[[ DATA IN THIS EXERCISE, beginning ]]

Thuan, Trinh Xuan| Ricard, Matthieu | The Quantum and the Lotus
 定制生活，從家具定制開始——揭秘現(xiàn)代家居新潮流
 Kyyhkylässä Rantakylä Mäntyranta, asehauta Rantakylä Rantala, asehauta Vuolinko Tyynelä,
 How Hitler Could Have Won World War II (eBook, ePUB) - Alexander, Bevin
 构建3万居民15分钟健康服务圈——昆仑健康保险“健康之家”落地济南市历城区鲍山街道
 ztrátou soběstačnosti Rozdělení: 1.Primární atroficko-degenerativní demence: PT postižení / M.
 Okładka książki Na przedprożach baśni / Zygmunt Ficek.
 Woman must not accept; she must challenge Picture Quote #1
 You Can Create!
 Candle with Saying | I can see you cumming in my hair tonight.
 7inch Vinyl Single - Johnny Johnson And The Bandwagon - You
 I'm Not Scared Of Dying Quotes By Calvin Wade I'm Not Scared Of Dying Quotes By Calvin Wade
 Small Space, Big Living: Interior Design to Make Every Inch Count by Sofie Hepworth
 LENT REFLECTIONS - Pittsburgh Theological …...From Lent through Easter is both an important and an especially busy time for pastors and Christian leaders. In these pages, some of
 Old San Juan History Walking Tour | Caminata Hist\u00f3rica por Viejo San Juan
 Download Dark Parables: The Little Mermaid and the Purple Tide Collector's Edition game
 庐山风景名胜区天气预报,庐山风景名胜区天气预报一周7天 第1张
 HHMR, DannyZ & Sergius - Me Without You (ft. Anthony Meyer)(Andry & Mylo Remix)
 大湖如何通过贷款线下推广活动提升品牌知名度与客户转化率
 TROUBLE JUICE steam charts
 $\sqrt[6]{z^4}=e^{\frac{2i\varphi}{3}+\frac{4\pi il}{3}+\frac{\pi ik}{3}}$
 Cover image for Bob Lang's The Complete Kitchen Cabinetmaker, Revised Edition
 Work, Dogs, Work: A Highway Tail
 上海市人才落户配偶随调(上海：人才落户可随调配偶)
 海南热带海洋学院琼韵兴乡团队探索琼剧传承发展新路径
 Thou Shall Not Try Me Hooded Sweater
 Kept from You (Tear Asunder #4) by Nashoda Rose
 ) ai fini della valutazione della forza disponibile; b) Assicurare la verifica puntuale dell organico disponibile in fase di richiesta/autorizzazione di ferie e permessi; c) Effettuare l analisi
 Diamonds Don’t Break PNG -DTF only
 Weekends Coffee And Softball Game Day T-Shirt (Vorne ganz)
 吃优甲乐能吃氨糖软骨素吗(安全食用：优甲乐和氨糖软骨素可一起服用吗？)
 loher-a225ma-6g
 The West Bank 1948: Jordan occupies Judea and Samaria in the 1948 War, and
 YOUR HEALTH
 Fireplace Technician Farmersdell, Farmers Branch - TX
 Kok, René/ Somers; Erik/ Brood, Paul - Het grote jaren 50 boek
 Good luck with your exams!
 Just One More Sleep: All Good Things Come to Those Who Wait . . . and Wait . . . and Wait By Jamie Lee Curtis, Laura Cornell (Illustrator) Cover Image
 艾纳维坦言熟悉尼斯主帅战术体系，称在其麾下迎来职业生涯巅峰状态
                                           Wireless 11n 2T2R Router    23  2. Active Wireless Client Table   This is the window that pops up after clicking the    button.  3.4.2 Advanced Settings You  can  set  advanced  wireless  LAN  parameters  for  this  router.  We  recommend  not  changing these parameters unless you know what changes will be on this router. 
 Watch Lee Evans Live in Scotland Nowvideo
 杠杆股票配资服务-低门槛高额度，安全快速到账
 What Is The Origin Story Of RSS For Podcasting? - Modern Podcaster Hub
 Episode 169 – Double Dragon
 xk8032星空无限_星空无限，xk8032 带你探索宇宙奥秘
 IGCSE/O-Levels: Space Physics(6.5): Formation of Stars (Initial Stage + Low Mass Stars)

[[ DATA IN THIS EXERCISE, end ]]

§ **WHAT NEEDS TO BE DONE**:
Write out exactly the lines from the start of the material through the line with "构建3万居民15分钟健康服务". No other output is expected.

§ **ANSWER TO THIS PROBLEM**:
Thuan, Trinh Xuan| Ricard, Matthieu | The Quantum and the Lotus
 定制生活，從家具定制開始——揭秘現(xiàn)代家居新潮流
 Kyyhkylässä Rantakylä Mäntyranta, asehauta Rantakylä Rantala, asehauta Vuolinko Tyynelä,
 How Hitler Could Have Won World War II (eBook, ePUB) - Alexander, Bevin
 构建3万居民15分钟健康服务圈——昆仑健康保险“健康之家”落地济南市历城区鲍山街道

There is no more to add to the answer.